Available data –
--------------------------------------------------
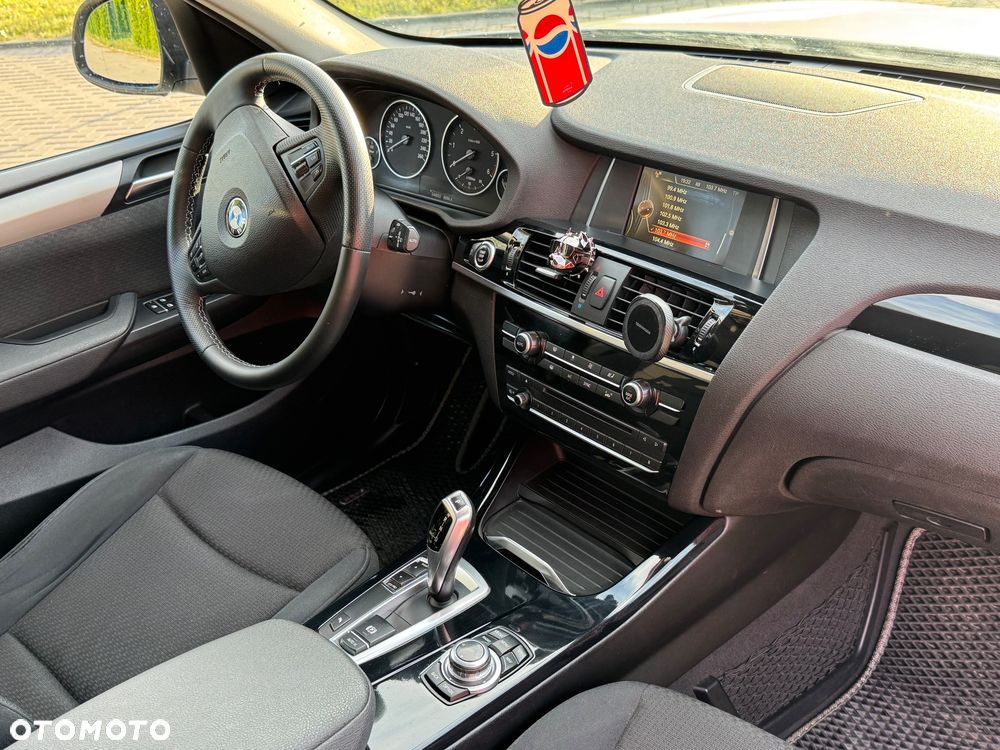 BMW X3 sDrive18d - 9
--------------------------------------------------
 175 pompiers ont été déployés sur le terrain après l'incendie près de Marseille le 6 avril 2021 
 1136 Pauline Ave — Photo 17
--------------------------------------------------
Look above for the line holding "175 pompiers ont" and the line holding "1136 Pauline Ave — Photo 17". Retype both, and every line between them, word for word and nothing else.

 175 pompiers ont été déployés sur le terrain après l'incendie près de Marseille le 6 avril 2021 
 1136 Pauline Ave — Photo 17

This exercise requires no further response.